I like what prettyflyforawifi has contributed. With the Solarwinds pricing model, they do tend to squeeze you. It is efficiently priced for my specific environment because we are using it at a way larger scale than it was ever designed for, and we have been able to make the most of their unlimited licenses. The downside to what we are doing is that we have had to create our own solutions to the lack of multitenancy.

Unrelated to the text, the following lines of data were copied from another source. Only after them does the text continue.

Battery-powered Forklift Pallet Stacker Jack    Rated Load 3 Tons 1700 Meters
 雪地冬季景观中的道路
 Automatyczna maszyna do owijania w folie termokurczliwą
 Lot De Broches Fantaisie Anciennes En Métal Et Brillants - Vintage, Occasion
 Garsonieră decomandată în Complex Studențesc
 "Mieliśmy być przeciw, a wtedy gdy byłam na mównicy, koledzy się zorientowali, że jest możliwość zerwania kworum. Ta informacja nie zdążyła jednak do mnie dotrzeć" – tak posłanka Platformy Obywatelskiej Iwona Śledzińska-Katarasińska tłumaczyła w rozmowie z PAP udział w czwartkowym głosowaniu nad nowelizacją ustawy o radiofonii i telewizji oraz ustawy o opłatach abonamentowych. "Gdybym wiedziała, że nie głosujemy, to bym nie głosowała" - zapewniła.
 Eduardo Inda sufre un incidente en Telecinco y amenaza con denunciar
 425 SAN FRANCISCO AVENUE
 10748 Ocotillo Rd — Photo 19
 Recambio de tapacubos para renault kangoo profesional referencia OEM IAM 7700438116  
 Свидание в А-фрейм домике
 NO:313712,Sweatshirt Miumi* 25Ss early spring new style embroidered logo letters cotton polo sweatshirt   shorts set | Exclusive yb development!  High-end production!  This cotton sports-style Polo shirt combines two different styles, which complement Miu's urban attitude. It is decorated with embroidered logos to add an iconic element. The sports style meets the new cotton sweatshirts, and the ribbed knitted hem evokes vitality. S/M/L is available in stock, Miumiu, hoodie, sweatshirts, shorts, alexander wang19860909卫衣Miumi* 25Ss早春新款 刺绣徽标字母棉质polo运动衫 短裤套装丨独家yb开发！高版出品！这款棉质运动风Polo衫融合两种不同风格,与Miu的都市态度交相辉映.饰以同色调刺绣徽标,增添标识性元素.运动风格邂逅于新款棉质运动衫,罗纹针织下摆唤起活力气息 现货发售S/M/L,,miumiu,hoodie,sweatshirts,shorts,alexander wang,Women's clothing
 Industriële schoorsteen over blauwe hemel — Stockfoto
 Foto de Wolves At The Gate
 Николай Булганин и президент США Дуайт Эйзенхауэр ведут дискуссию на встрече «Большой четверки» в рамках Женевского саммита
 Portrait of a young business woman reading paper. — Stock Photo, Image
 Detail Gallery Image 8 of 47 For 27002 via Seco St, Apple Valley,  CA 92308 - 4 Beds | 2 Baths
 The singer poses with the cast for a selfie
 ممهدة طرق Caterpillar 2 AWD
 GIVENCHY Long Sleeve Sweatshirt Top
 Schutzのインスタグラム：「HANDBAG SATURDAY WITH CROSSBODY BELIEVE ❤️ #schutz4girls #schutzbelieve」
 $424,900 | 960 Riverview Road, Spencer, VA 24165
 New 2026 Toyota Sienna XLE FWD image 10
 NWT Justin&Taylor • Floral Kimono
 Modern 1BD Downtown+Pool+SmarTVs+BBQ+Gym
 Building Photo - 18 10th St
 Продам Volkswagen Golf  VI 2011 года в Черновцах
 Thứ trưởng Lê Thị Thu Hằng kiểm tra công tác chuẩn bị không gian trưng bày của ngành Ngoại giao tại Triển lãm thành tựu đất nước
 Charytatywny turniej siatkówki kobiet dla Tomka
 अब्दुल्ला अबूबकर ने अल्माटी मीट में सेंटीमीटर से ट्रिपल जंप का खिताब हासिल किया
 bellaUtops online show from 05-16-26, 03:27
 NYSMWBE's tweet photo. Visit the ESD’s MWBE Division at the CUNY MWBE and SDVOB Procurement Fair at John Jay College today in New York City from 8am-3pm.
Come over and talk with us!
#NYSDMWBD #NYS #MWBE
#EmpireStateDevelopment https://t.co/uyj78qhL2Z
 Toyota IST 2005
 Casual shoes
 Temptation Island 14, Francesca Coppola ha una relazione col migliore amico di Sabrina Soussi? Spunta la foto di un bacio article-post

Another great point was that the web interface and the integration of different acquired monitoring tools can be frustrating. The NPM web interface is great, and they keep improving it. Also, they finally came out with a web-based report writer which is sleek and powerful compared to the server-side tools it is replacing. It all breaks down, when I have to use SAM. SAM serves a purpose that Solarwinds really does need, and I am excited that an optional SAM agent is on the roadmap. However, they bought this thing and bolted it onto Solarwinds and it is painfully obvious / frustrating. The database is structured way differently between SAM and NPM, and the potential to work in bulk barely exists. We have been able to create some cool custom reporting tools for NPM, because the database structure is very straightforward and we can build a lot of our own SQL queries to pull from it. The SAM database is very differently structured, and trying to query it is not as easy. There is also a strange anomalous relationship between 'Applications' and 'Application Templates' that Solarwinds has never properly defined. Worst of all, the SAM website is atrocious. Many of the lists and drop down menus sort items by their date of creation, not alphabetically. This makes navigation a nightmare. We have had to adopt a specific naming convention that includes the node name and enforce a strict 1 template per application rule to create some order. So if we have to make adjustments to 20 SAM Templates, it requires our lowest ranking guy to go in and commit those changes one by one. This is even more frustrating because our lowest ranking guy is me.
I don't consider myself to be brand-loyal to any product either, but I like what I see with about 80% of Solarwinds. For basic up/down/cpu/memory/volume monitoring Solarwinds or Nimsoft would work great. Nagios is another strong contender too.